Tapping Linguistic Data on the Web for Building Tools for Resource Poor Languages

Abstract

It has generally been the case that in order to build tools for automatically annotating and analyzing language data, one must first manually annotate a large body of language data over which such tools can be trained. Human annotation, however, is an expensive and time consuming endeavor, generally requiring significant linguistic expertise on the part of the annotators. Due to the expense it has not been feasible to build substantial annotated corpora for many more than ten or so of the world's languages, tragically leaving the vast majority of the worlds 6,000 languages outside the reach of substantive computational technology.

Some recent efforts have explored the potential for projecting annotations from data for one language to another. These efforts have tapped bilingual corpora between some majority language, for which annotated data or annotation tools exist, and some resource poor language, for which such resources do not.
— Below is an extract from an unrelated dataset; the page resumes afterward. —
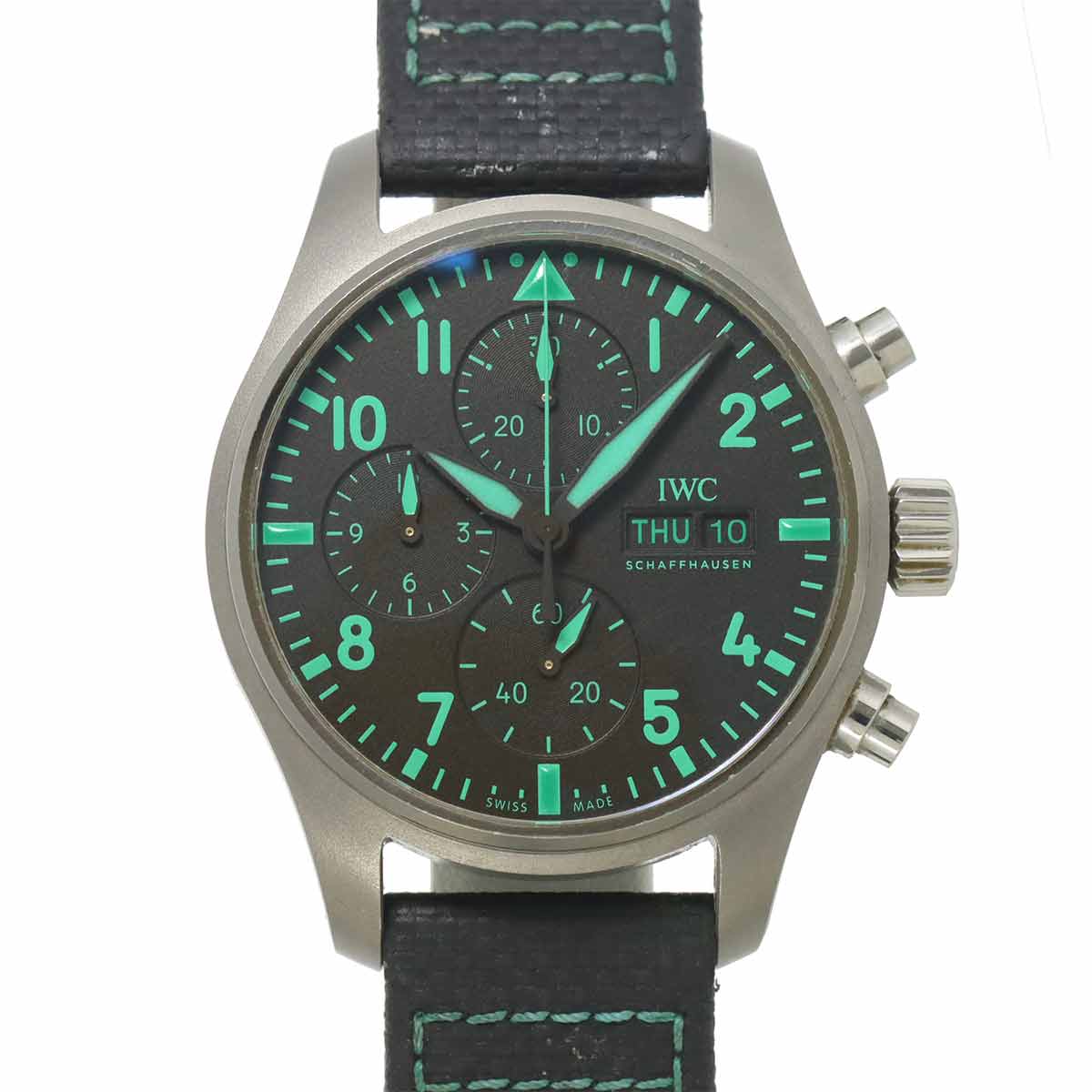 Pilot Watch Chronograph IW388108 Automatic Black Dial Mens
However, these methods can only reliably be applied to very large bilingual corpora (tens of millions of words), limiting its utility to perhaps a few dozen additional languages.
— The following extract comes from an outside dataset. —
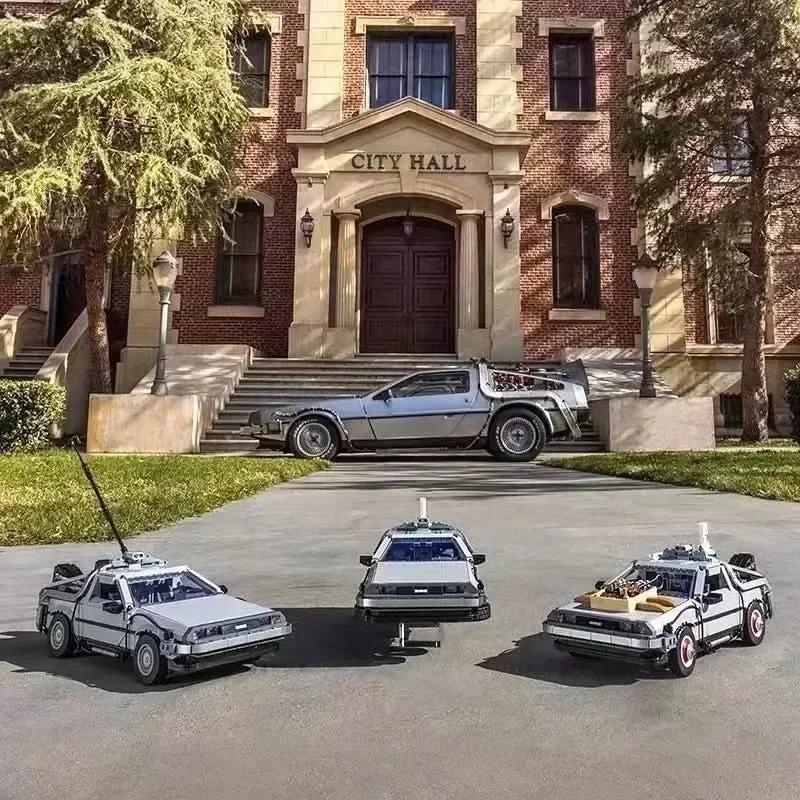 1872 ks Návrat do budoucnosti Stavební bloky Stavebnice Technické Cihly Auto Sestavovací Narozeninové Hračky Dárky Pro Děti Kluky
A substantial portion of theoretical linguistic research has focused on minority languages. Field linguists have been collecting data for hundreds of the world's languages for well over a hundred years, and much of the data that is published has been annotated or enriched by these or subsequent linguists. With the move towards electronic publication on the Web, a large portion of linguistic scholarly discourse is making its way to the Web, with the consequence being that a large amount of annotated linguistic data is also making its way to the Web.
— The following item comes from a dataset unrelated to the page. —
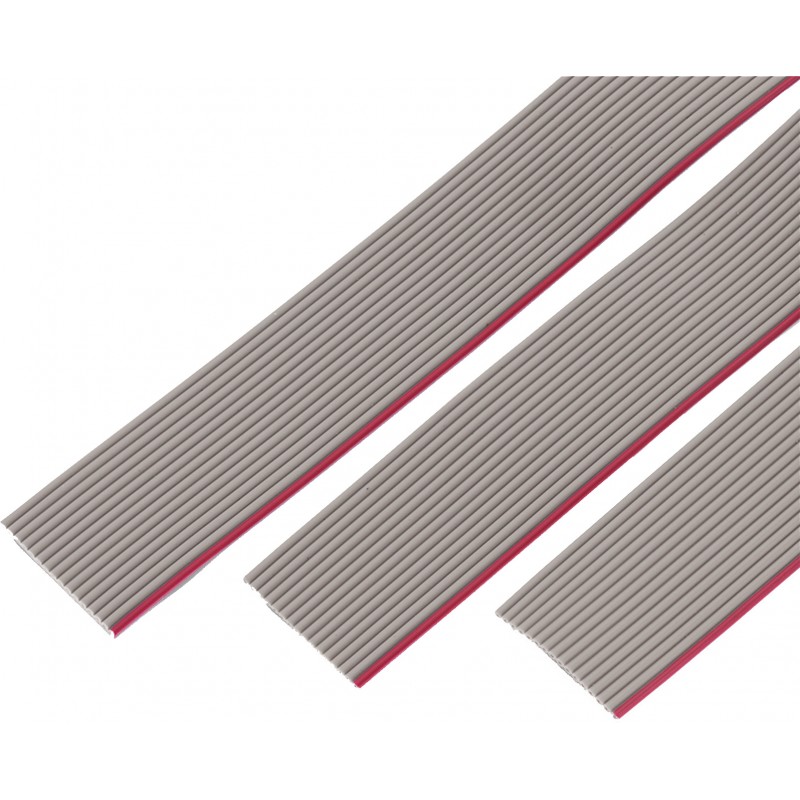 CABLE PLANO 12 VIAS GRIS Paso 1,27mm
Our research has focused on how we can harvest the wide body of data that is posted to the Web in order to build tools and resources for languages that are typically overlooked by the computational linguistic community. Our research has focused on four distinct lines of work: (1) harvesting data, (2) enriching data, (3) tool and resource building, and (4) search. For (1), we have focused on particular common, yet highly enriched, linguistic data types which we have harvested for hundreds of the world's languages. We then take the data that we have harvested, and (2) enrich it further, by adding parts of speech, phrase structures, dependency structures, etc., generally through alignment and projection. We take these highly enriched snippets of data, build enriched corpora and grammars over, which we use to drive the development of taggers and parsers for these languages. The tools we build allow us to enrich more data, and make it available to linguistic search (4), providing new avenues for linguistic and typological discovery.